=== Section Start ===
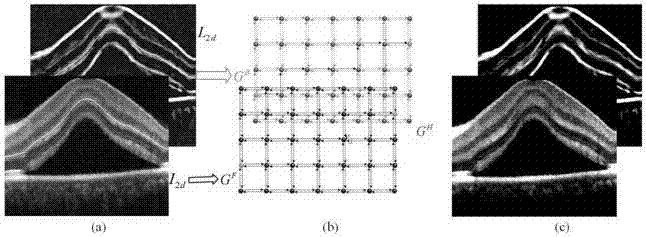 OCT (Optical Coherence Tomography) image segmentation method based on random forest and composite active curve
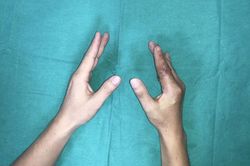 Ngón tay thủy thủ 'sống lại' sau 25 giờ đứt rời giữa tâm bão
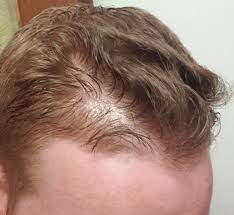 Explore hair loss treatments for male pattern baldness (androgenetic alopecia), a condition 2/3 of men will finasteride was effective at stopping hair loss in 83% of men compared to 28% of men in the. 1 Year On Fina Do I Have Any Hope Hairlosstalk Forums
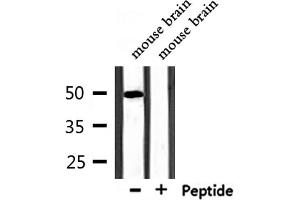 Western Blotting (WB) image for anti-Mucin 13, Cell Surface Associated (MUC13) (C-Term) antibody (ABIN6263429)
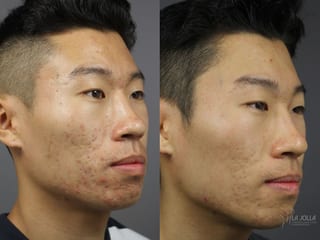 Before and after Acne: Laser Treatment case 36137 - Angle 2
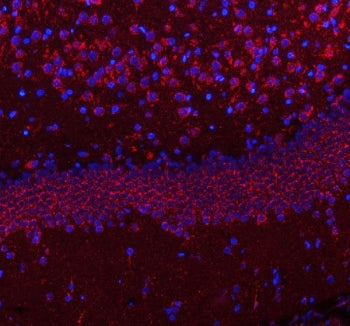 Immunofluorescent staining of FFPE rat brain tissue with HCRT antibody (red) and DAPI nuclear stain 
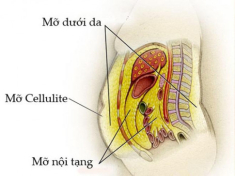 Cận cảnh một ca hút mỡ bụng khiến người phụ nữ cứng rắn nhất cũng phải… bật khóc!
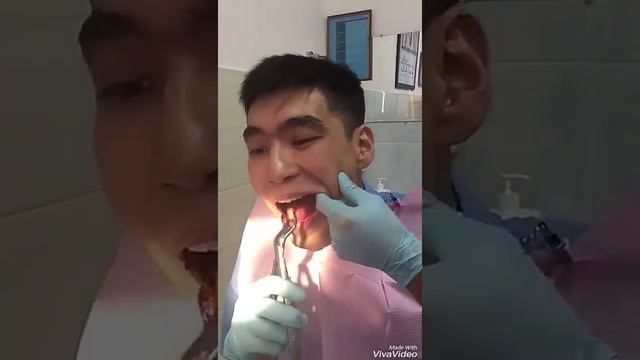 Удалил сам себе зуб мудрости смотреть онлайн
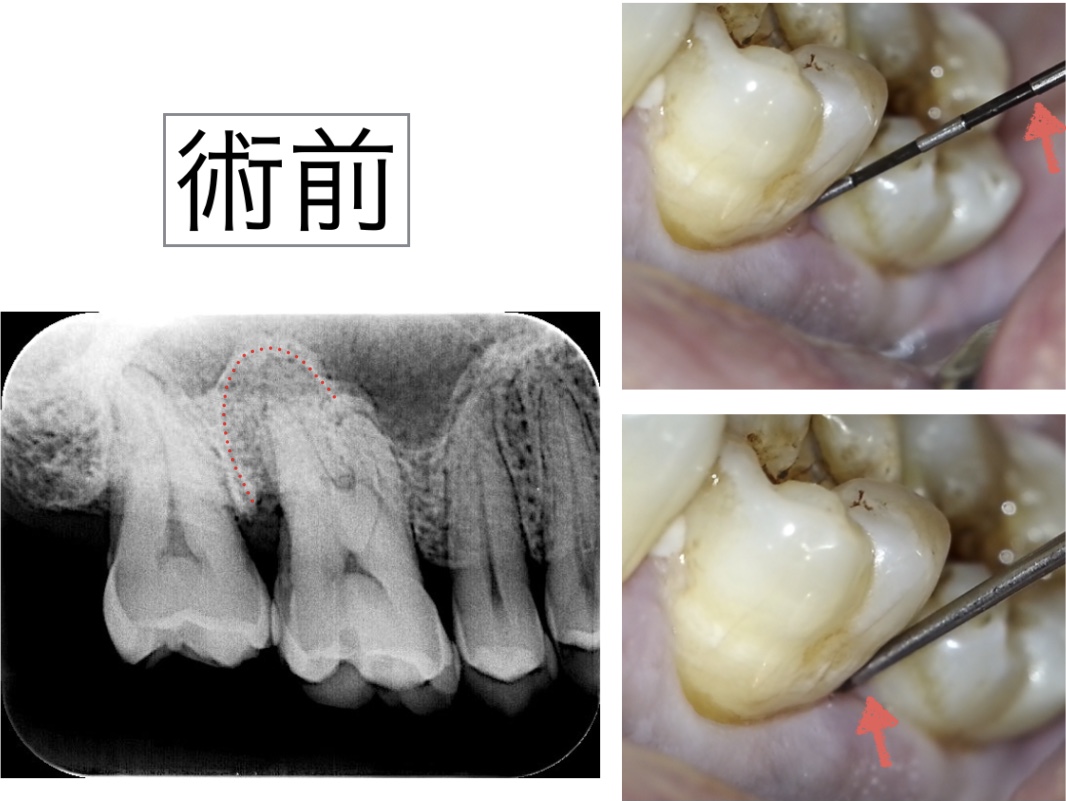 根管治療　歯性上顎洞炎　術前X線レントゲン画像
=== Section End ===
■ The problem
Repeat only the lines from the line with "Immunofluorescent staining of" to the end of the entries, including both the first and the last line, and drop every picture.

■ Response
 Immunofluorescent staining of FFPE rat brain tissue with HCRT antibody (red) and DAPI nuclear stain 
 Cận cảnh một ca hút mỡ bụng khiến người phụ nữ cứng rắn nhất cũng phải… bật khóc!
 Удалил сам себе зуб мудрости смотреть онлайн
 根管治療　歯性上顎洞炎　術前X線レントゲン画像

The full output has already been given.